Former CIA deputy division chief for Korea, Bruce Klingner. Source: C-Span
Former CIA deputy division chief for Korea, Bruce Klingner. Source: C-Span

Speaking at a public roundtable at The Korea Society in New York on Thursday, Bruce Klingner, a former CIA deputy division chief for Korea, said he’s hearing “military options are increasing, not decreasing” in the Trump administration, according to UPI.

“The probability of a military option is not zero,” Klingner said, adding there is talk “inside government” of the “five options to solve North Korea in 18 months.”

While not elaborating on those options, the analyst said he is concerned North Korea could conduct a test of an intercontinental ballistic missile that could fly farther than the one launched on July 4.

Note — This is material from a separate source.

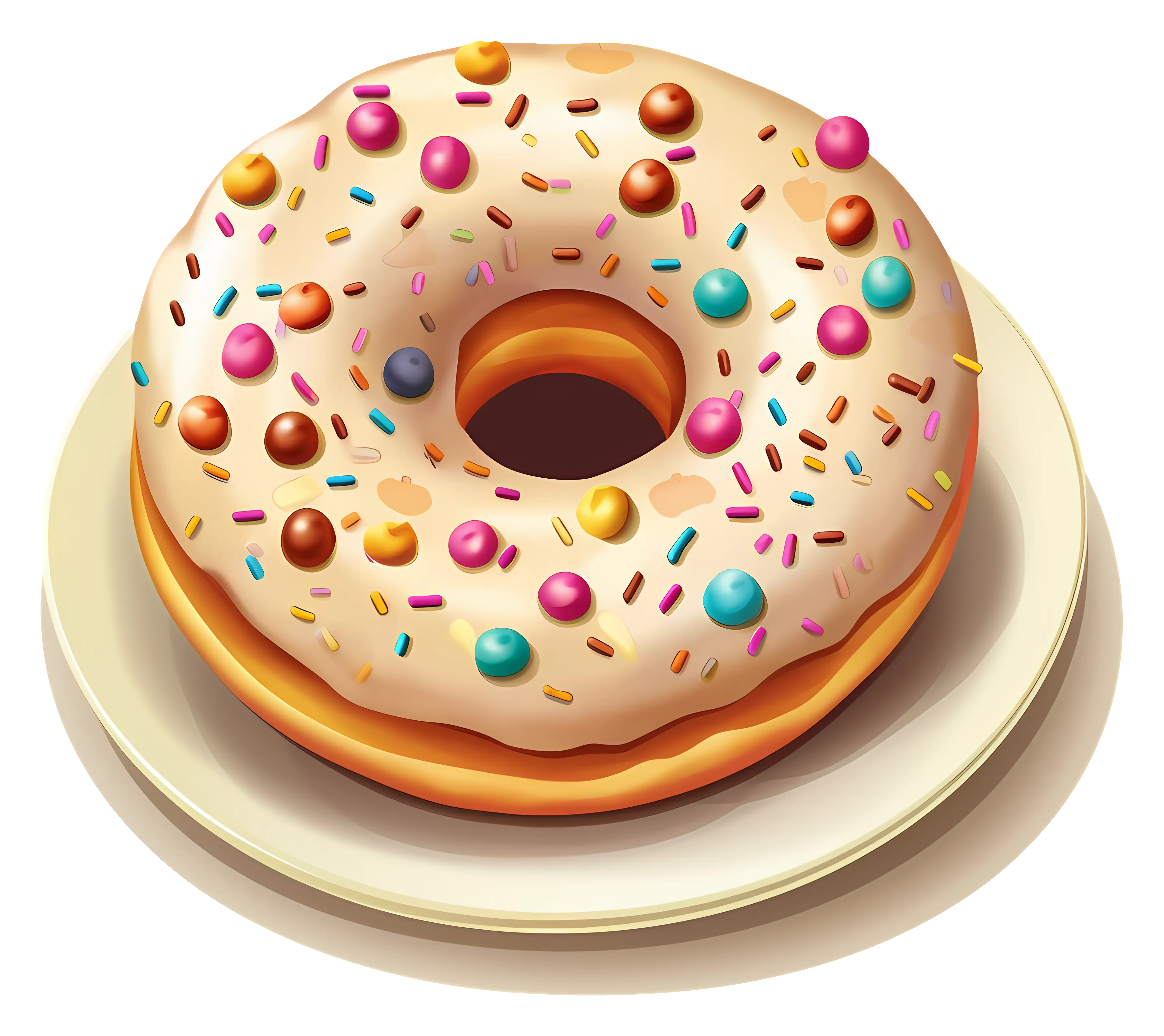 Donut with White Frosting and Sprinkles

“I’m pretty sure they’re going to do an ICBM test,” Klingner reportedly said.

An unprecedented provocation could set the wheels in motion at the Pentagon to take more forceful measures, the UPI story said.

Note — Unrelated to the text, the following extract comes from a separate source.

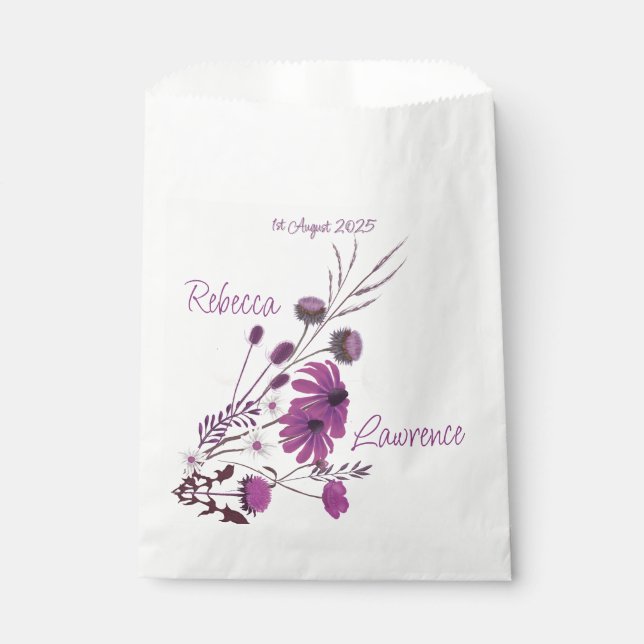 Sacolinha Saffron Sky Wildflowers - sacos de lembrancinhas (Frente)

Ominous Trump, McCain comments

President Donald Trump, after discussing Iran and North Korea with US military leaders on Thursday, posed in a photo with his team before dinner and declared that the moment represented “the calm before the storm.”

“You guys know what this represents?” Trump said after journalists gathered in the White House state dining room to photograph him and first lady Melania Trump with the uniformed military leaders and their spouses, according to Reuters.

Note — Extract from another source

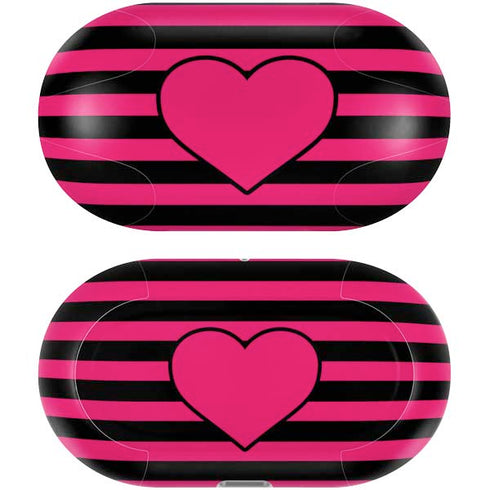 Polka Dots and Stripes Heart in Pink Galaxy Buds Plus Skin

“Maybe it’s the calm before the storm,” the President said. What storm?

“You’ll find out,” Trump told questioning reporters.

US Sen. John McCain (R–Ariz.) confirmed in a Thursday interview that there is a war camp in Washington that is pressing for a military solution to the North Korea crisis.

“There is legitimacy to that view, because three administrations in a row have negotiated with the North Koreans and gotten nothing to show for it,” McCain said in an interview with USNI News.